Finding Sense in Nonsense with Generated Contexts: Perspectives from Humans and Language Models
Katrin Olsen, Sebastian Padó
TL;DR
This work interrogates the boundary between semantic anomaly and pure nonsense by assessing sensicality of semantically deviant sentences with and without generated contexts, using human judgments and two large language models. The authors sample 40 items from five datasets ADEPT, BLiMP, PAP, CConS, and Cusp, and collect context-generated readings and sensicality scores from both humans and LLMs. They find that a substantial portion of sentences deemed nonsensical in prior work are interpretable once contextualized, and that LLMs can produce plausible contexts that increase sensicality for many items.

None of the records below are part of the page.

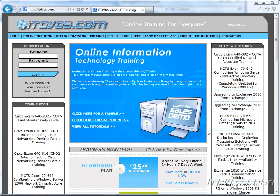Welcome to the ITDVDs.com YouTube channel. This is just a sample of the training available at ITDVDs.com. If you would like to see complete training, please go to ITDVDs.com. Now let's begin the sample.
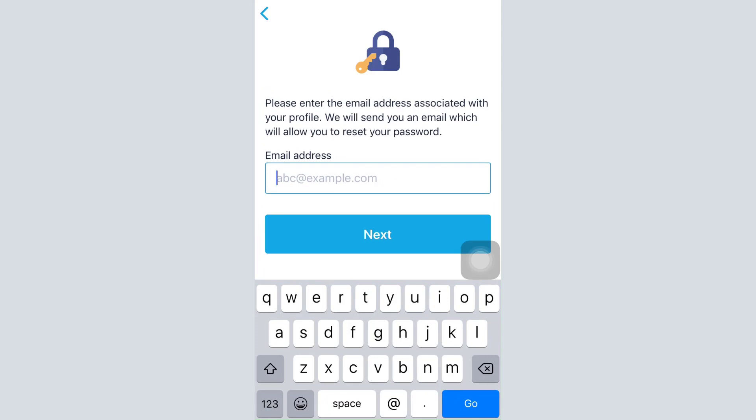email address in this section and then tap on the next button. As you type in your email address, a password reset link will be sent to you via email. By clicking on it, you can set up a completely new password for your account.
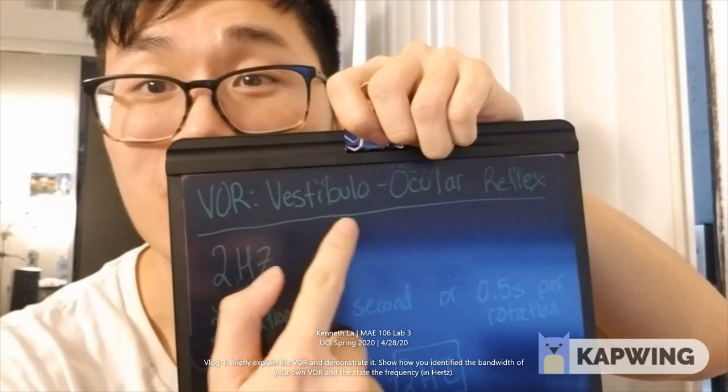This is Kenneth and this is lab 3 vlog 1. So I was tasked with defining the VOR or vestibular ocular reflex and that's essentially if I stare at a point, so let's say this camera, rotate my head, my eyes will stay fixed at that point.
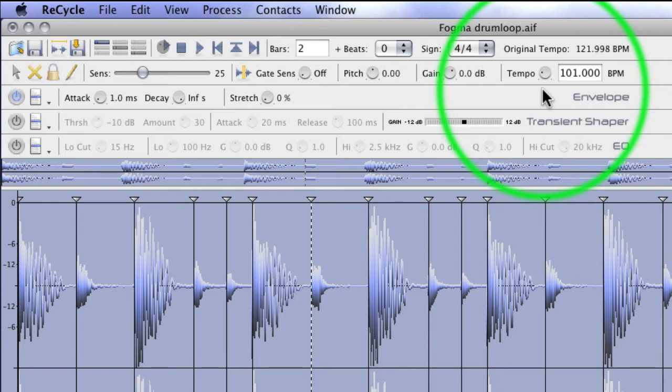That's because it is slices, and as you slow it down, if you can imagine a suit of armor or armadillo's skin stretching, there are going to be gaps as it stretches. And that's the way Recycle works. When it gets faster, these overlap, and you don't really hear it. But when it gets slower, you're going to get the gaps.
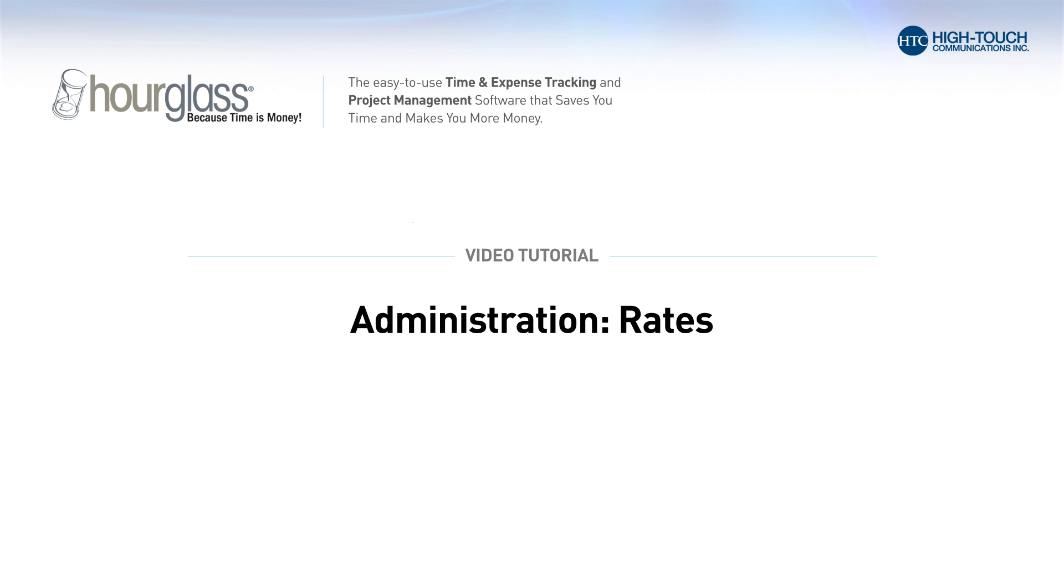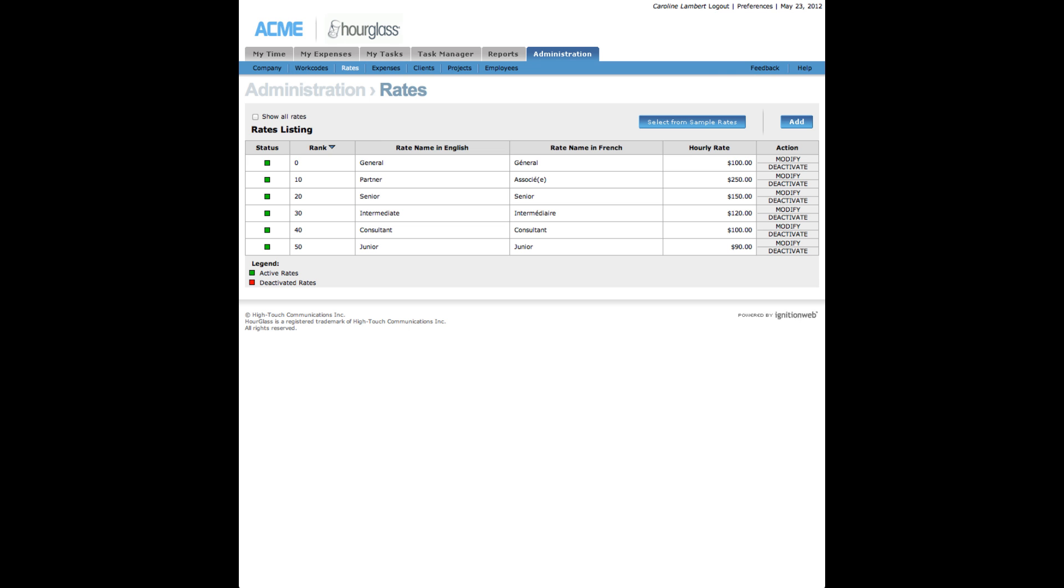Rates. On the Rates page, you can add or modify consultant rate levels and hourly fees.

The study reveals both alignment and divergence between human judgments and LLM-augmented readings, highlighting the importance of contextual grounding in semantic evaluation and its potential impact on modeling and evaluation practices.
Abstract
Nonsensical and anomalous sentences have been instrumental in the development of computational models of semantic interpretation. A core challenge is to distinguish between what is merely anomalous (but can be interpreted given a supporting context) and what is truly nonsensical. However, it is unclear (a) how nonsensical, rather than merely anomalous, existing datasets are; and (b) how well LLMs can make this distinction. In this paper, we answer both questions by collecting sensicality judgments from human raters and LLMs on sentences from five semantically deviant datasets: both context-free and when providing a context. We find that raters consider most sentences at most anomalous, and only a few as properly nonsensical. We also show that LLMs are substantially skilled in generating plausible contexts for anomalous cases.